Task details: For the data below, retype word for word the lines from the one containing "платно , снимка 1" through the one containing "五里湖生态湿地公园旅行图片 2"; drop the pictures.

The data:
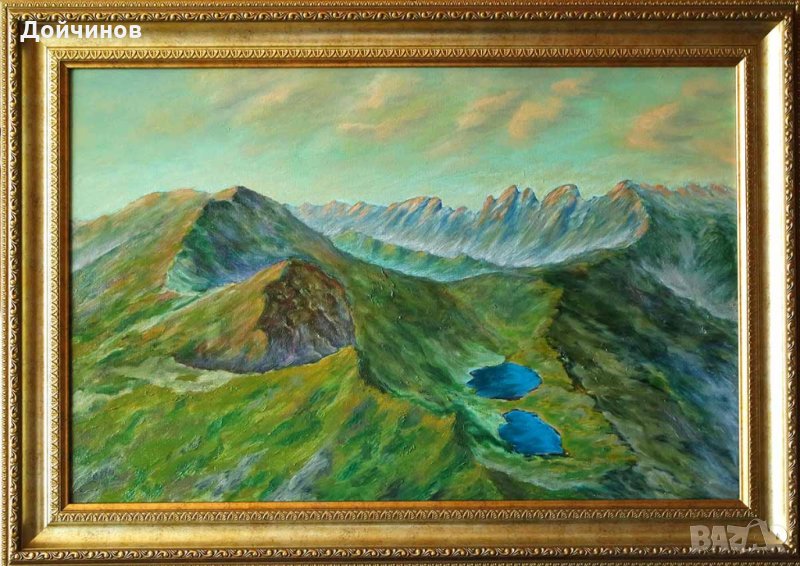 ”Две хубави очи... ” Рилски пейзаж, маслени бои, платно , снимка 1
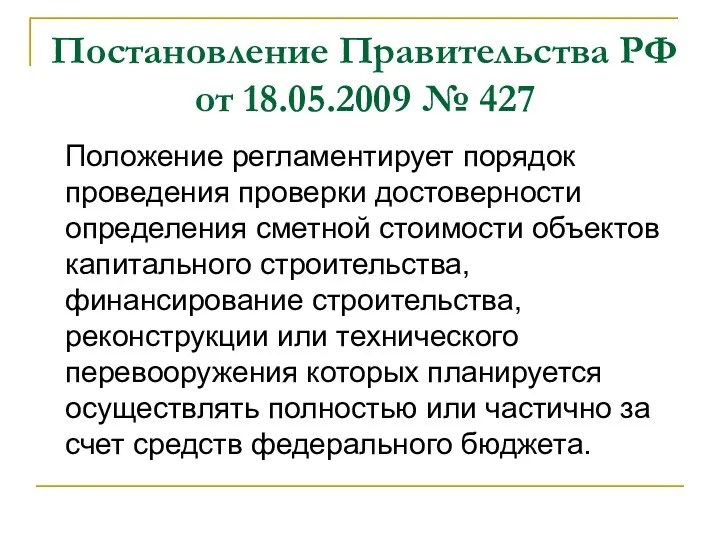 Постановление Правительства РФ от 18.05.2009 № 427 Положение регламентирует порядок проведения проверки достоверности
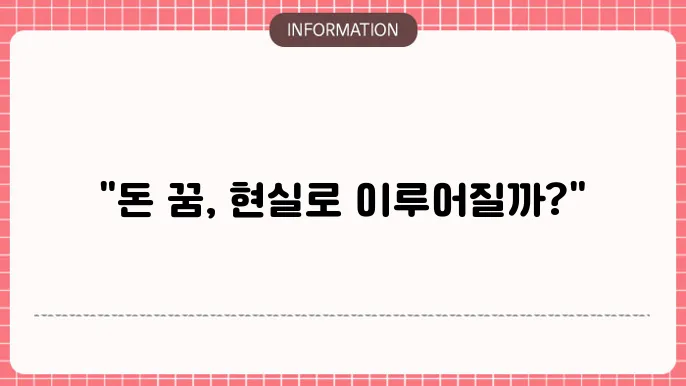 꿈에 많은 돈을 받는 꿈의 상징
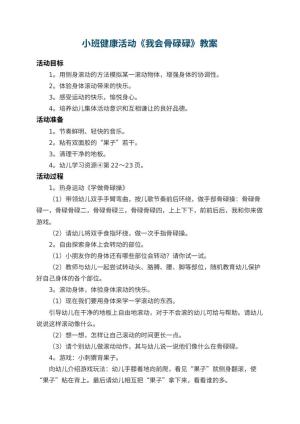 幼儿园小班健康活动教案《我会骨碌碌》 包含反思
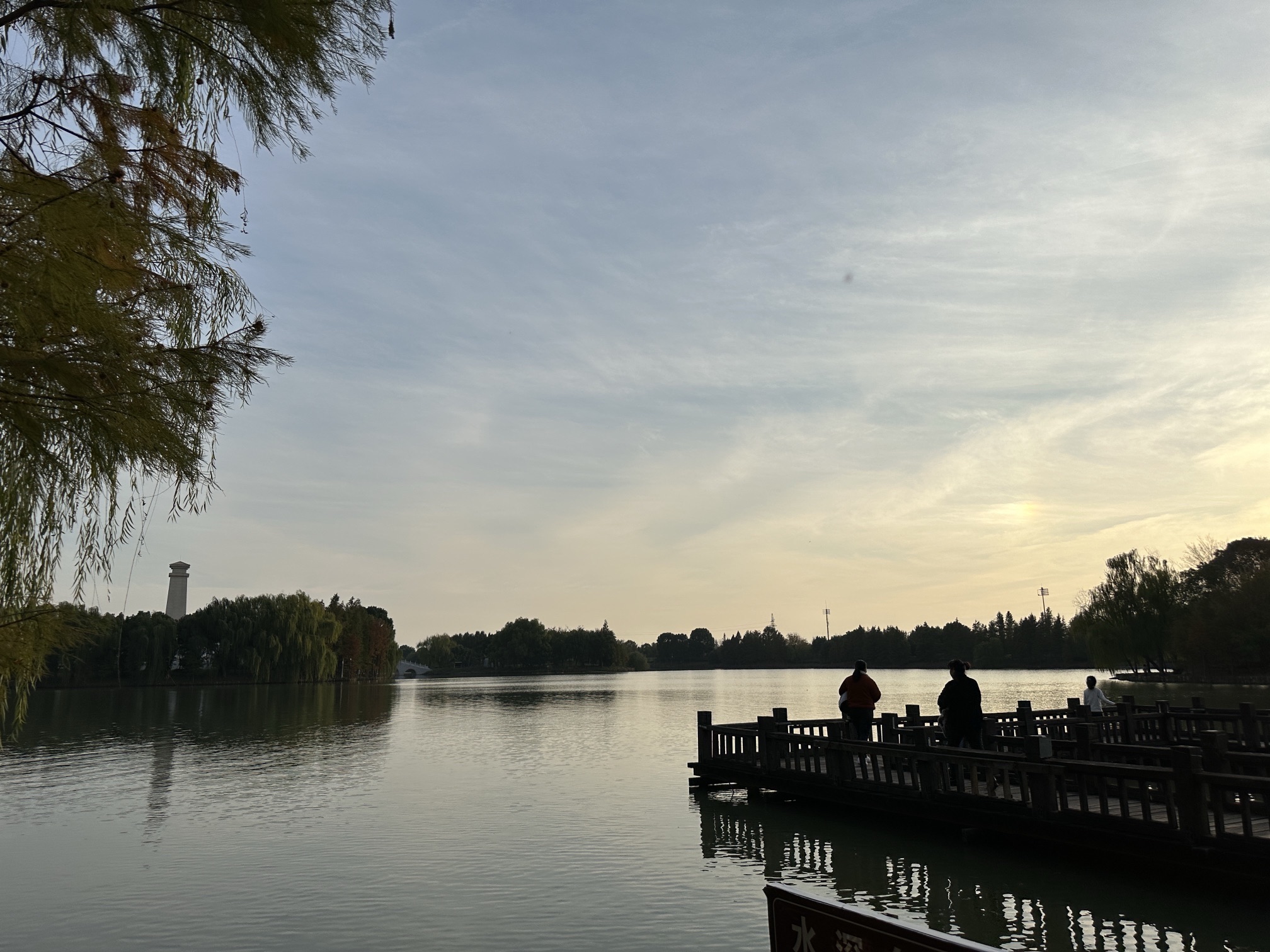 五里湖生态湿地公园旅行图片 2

...

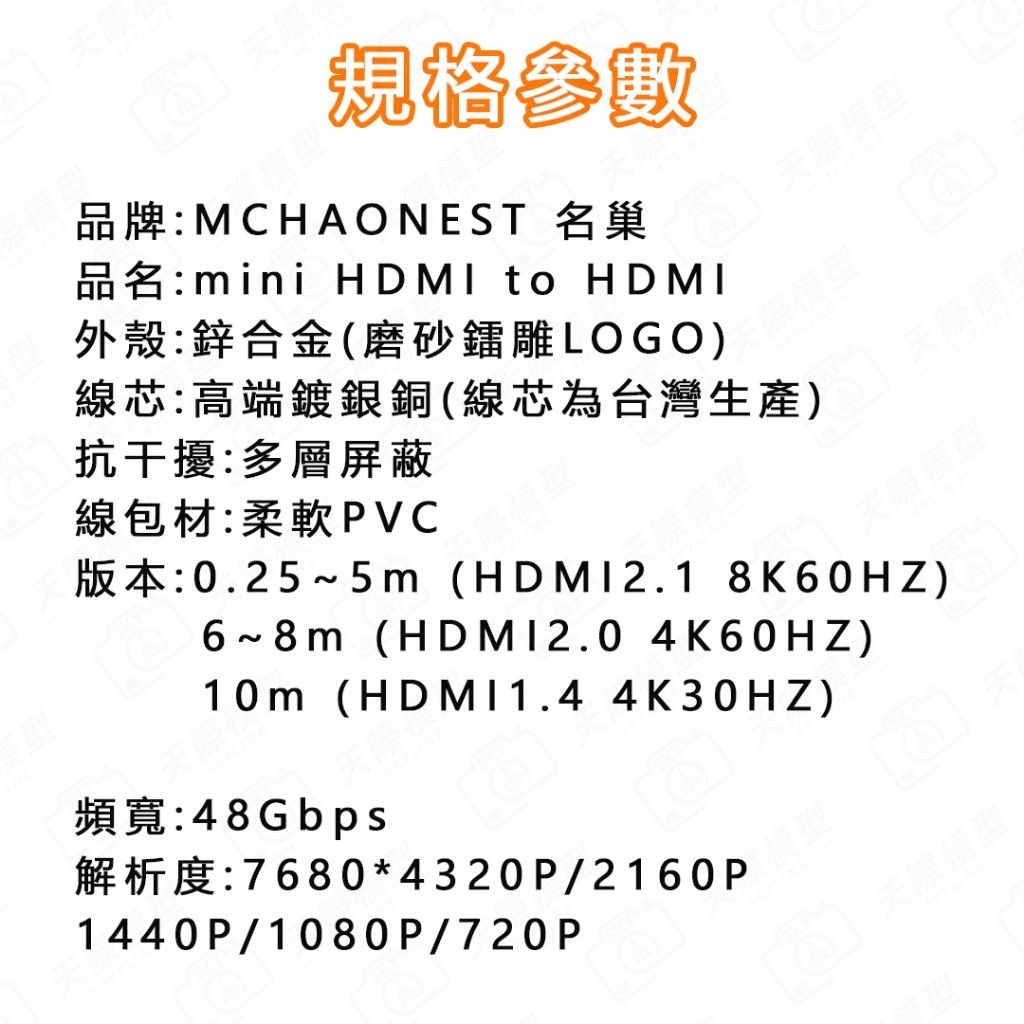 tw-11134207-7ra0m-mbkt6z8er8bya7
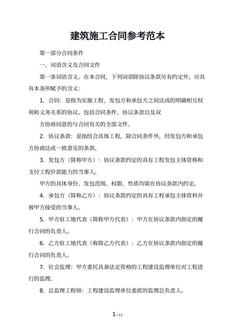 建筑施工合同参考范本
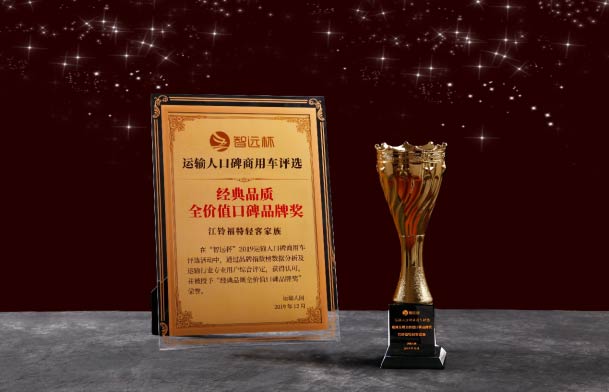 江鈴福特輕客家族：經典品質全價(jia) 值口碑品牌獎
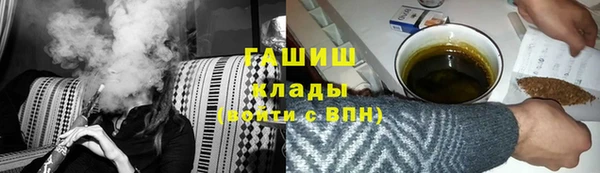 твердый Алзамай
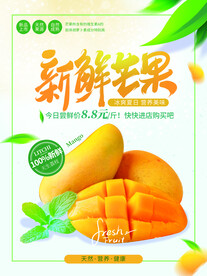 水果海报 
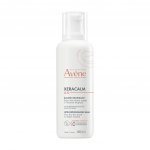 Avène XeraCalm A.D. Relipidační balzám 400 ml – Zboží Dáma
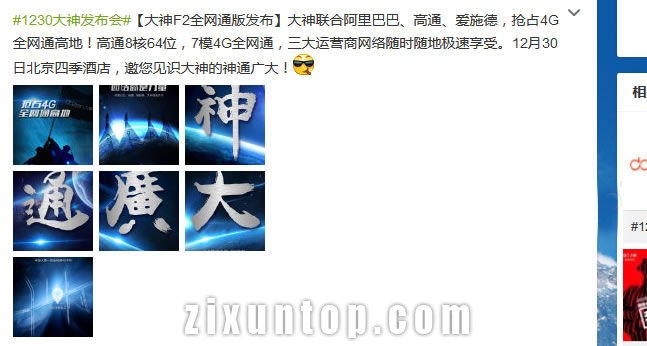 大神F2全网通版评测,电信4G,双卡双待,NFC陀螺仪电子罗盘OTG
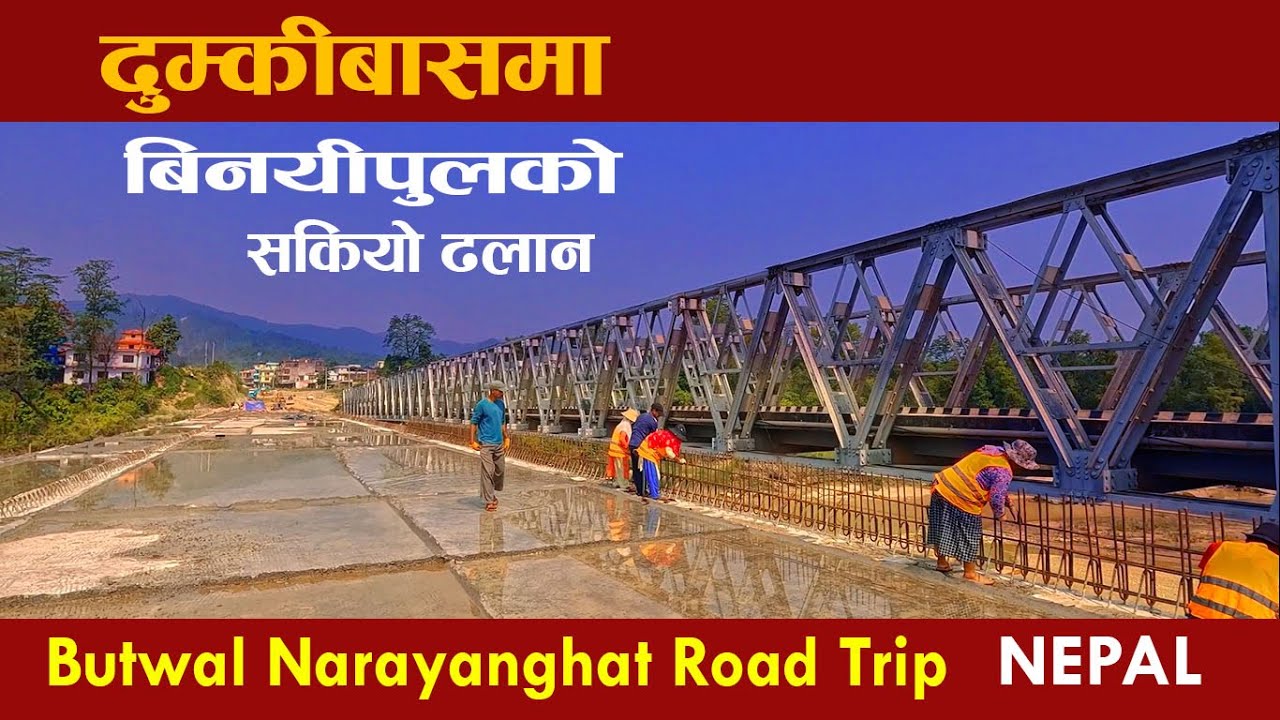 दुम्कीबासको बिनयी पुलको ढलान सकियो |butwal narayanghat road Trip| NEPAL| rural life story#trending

Solved problem:
 ”Две хубави очи... ” Рилски пейзаж, маслени бои, платно , снимка 1
 Постановление Правительства РФ от 18.05.2009 № 427 Положение регламентирует порядок проведения проверки достоверности
 꿈에 많은 돈을 받는 꿈의 상징
 幼儿园小班健康活动教案《我会骨碌碌》 包含反思
 五里湖生态湿地公园旅行图片 2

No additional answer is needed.